Without further ado, here is a quote from P.T. Forsyth on this topic. I found it helpful and worth meditating upon:
The difference between the Christian and the world is not that the world sins and the Christian does not. It suits the world to think that it is; because it offers a handy whip to scourge the Church’s consistency while resenting its demands. But such a distinction is no part of the Church’s claim. Nor does it mark off the Christian’s worldly years from his life in Christ. A difference of that kind is merely in quantity—all the sin on the one side, none of it on the other. But the real difference (I must say often) is not in quantity; it is in quality. It is not in the number of sins, but in the attitude toward sin and the things called sin. It is in
the man’s sympathies, his affinities; it is in his conscience, his verdict on sin, his treatment of it—whether the world’s or his own.The world sins and does not trouble; it even delights in it. In sin it is not out of its element; it may even be in its element and most at home there. The fear and hate of sin is not in the least its temper. But with the Christian man there is a new spirit, a new taste, bias, conscience, terror, and affection. His leading attitude to sin is fear and hate. His interest, his passion, is all for good and God. He himself is different from himself. He is renewed in the spirit of his mind. He may indeed lapse. The old instinct, the old habit, breaks out, and surprises him off his guard. The old vice fastens on him in a season of weakness. The old indifference may creep back. Mere nervous exhaustion may make him feel for a long time as if the spirit had been taken from him.

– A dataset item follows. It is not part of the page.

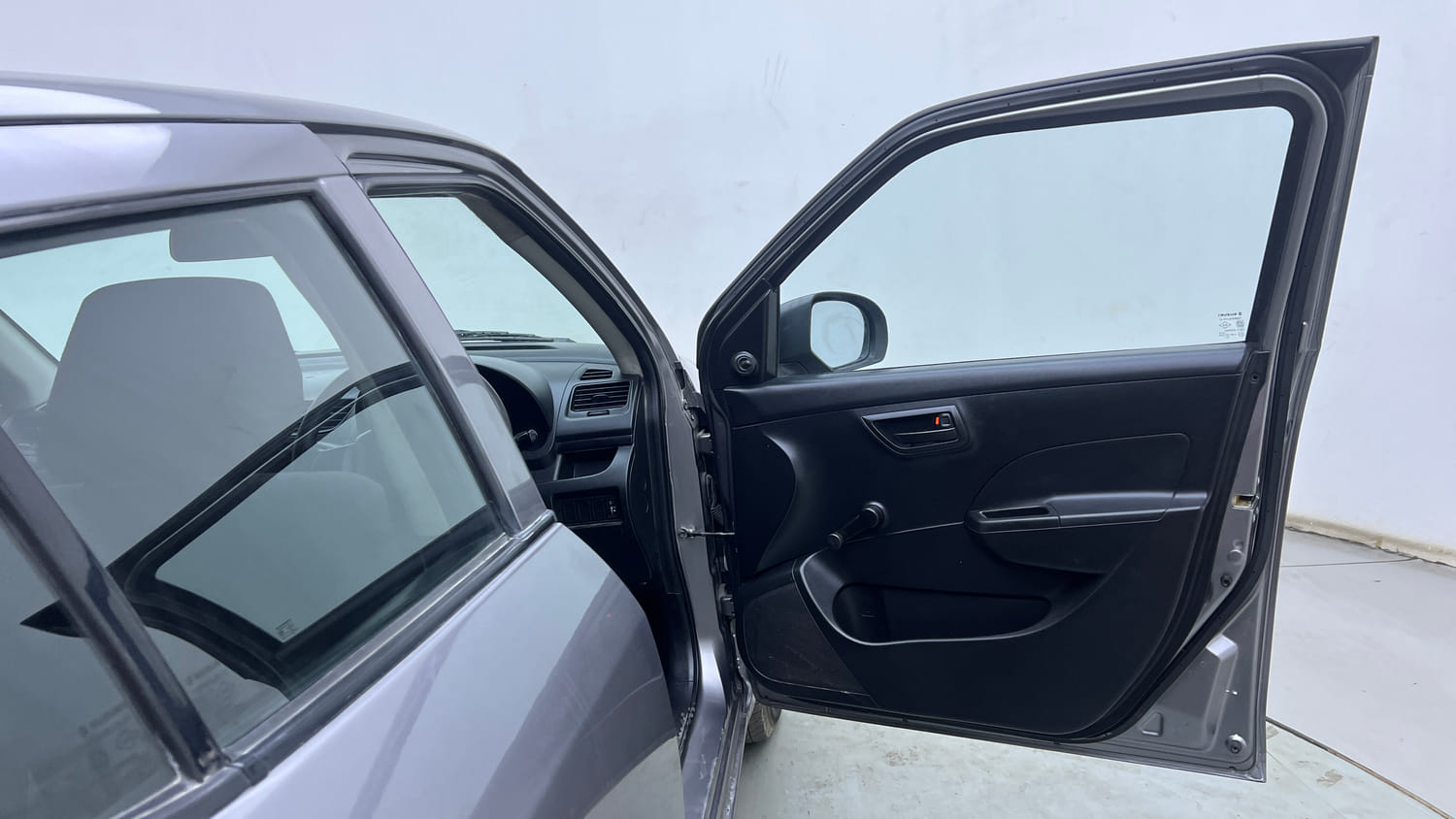 Used 2013 Maruti Suzuki Swift LDi Diesel Manual interior RIGHT FRONT DOOR OPEN VIEW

But these are either interludes, or they are upon the outskirts of his real nature. The loyalty of his person is still true, and his course in the main is right, whatever deviations the storms may cause, or however the calms may detain and irritate him. What is the thing most deep and assertive in him? I mean, what is most continuous in him? I do not ask what asserts itself oftenest, but what asserts itself most persistently on the whole, and in the end most powerfully and effectively.

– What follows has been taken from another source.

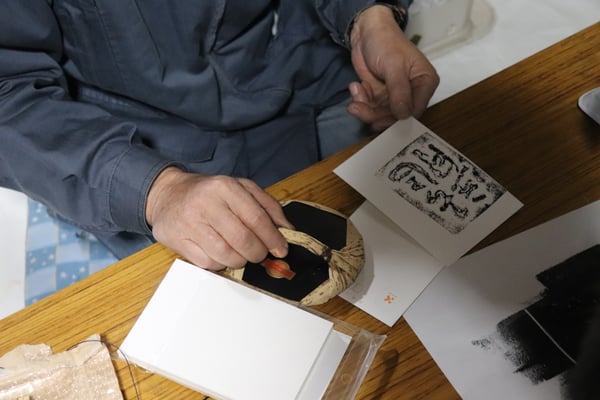 拓本のような風合いに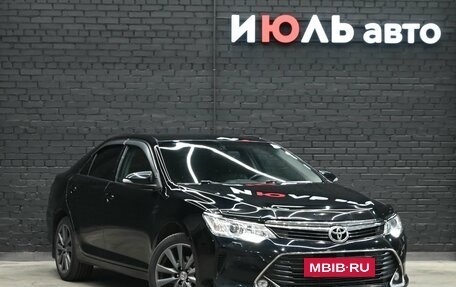 Toyota Camry, 2017 год, 2 550 000 рублей, 4 фотография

What is the real and only continuity of his life? Is it a sinful temper and bias, a sinful joy or indifference, broken only occasionally, and ever more rarely, by spasms of goodness, glimpses of holiness, freaks of mercy and truth? Or is it the sympathy and purpose of holiness, clouded at times by drifts of evil, and cleft, to his grief, by flashes of revolt? That is the question. And it is the way the question will be put at the last. It will not be, How many are your sins and how many your sacrifices? but, On which side have you stood and striven, under which King have you served or died? A man may abide in the many–mansioned, myriad–minded Christ, even if the robber sometimes break into his room, or if he go out and lose his way in a fog. You stay in a house, or in a town, which all the same you occasionally leave for good or for ill. The question is, What is your home to which your heart returns, either in repentance or in joy? Where is your heart? What is the bent of your will on the whole, the direction and service of your total life? It is not a question settled in a quantitative way by inquiry as to the occupation of every moment. God judges by totals, by unities not units, by wholes and souls, not sections. What is the dominant and advancing spirit of your life, the total allegiance of your person?

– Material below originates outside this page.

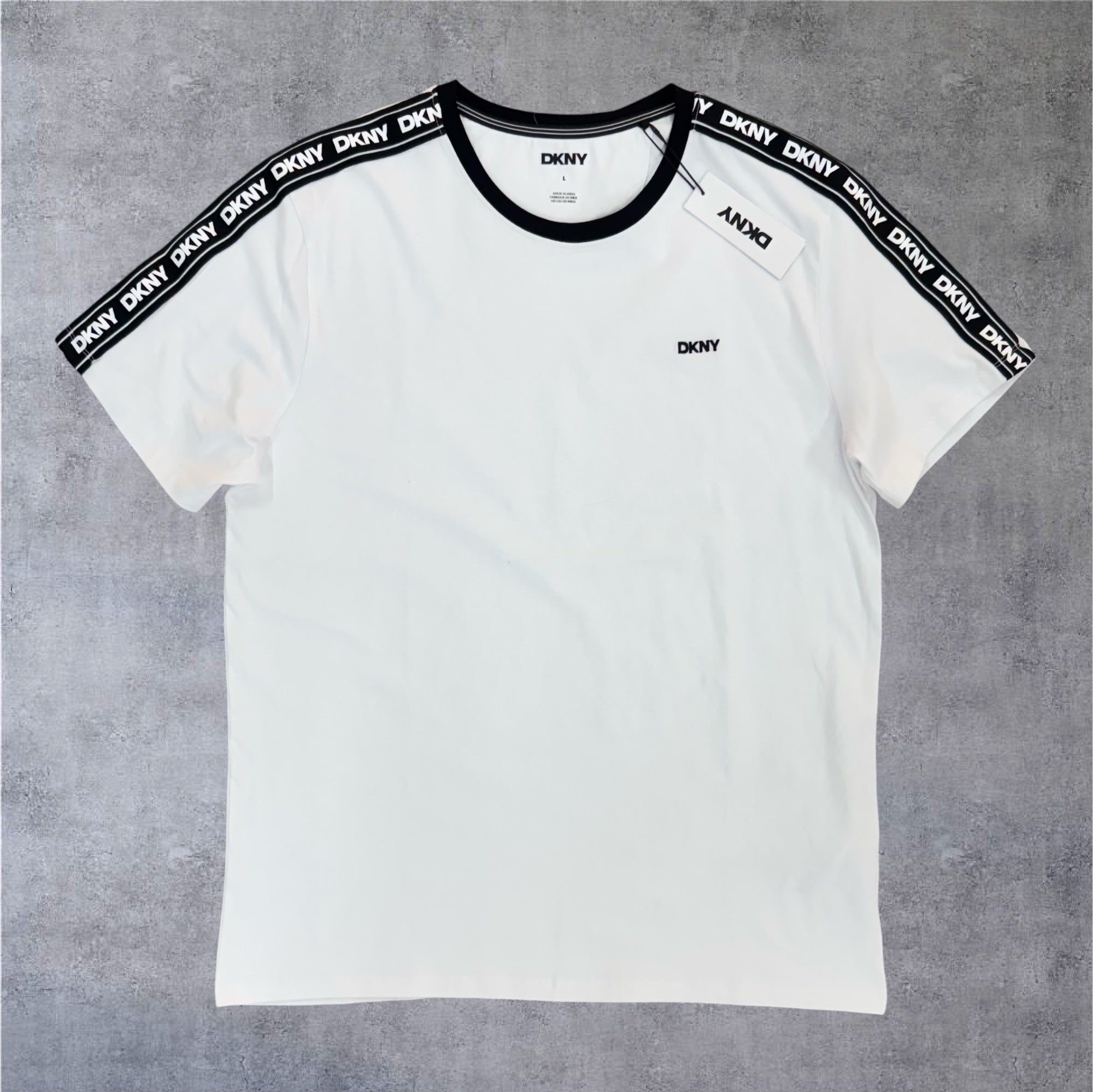 Camiseta DKNY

Beethoven was not troubled when a performer struck a wrong note, but he was angry when he rafted with the spirit and idea of the piece. So with the Great Judge and Artist of life. He is not a schoolmaster, but a critic; and a critic of the great sort, who works by sympathy, insight, large ranges, and results on the whole. Perfection is not sinlessness, but the loyalty of the soul by faith to Christ when all is said and done. The final judgment is not whether we have at every moment stood, but whether having done all we stand—stand at the end, stand as a whole.
Perfection is wholeness. In our perfection there is a permanent element of repentance. The final symphony of praise has a deep bass of penitence. God may forgive us, but we do not forgive ourselves. It is always a Saviour, and not merely an Ideal, that we confess. Repentance belongs to our abiding in Christ, and so to any true holiness.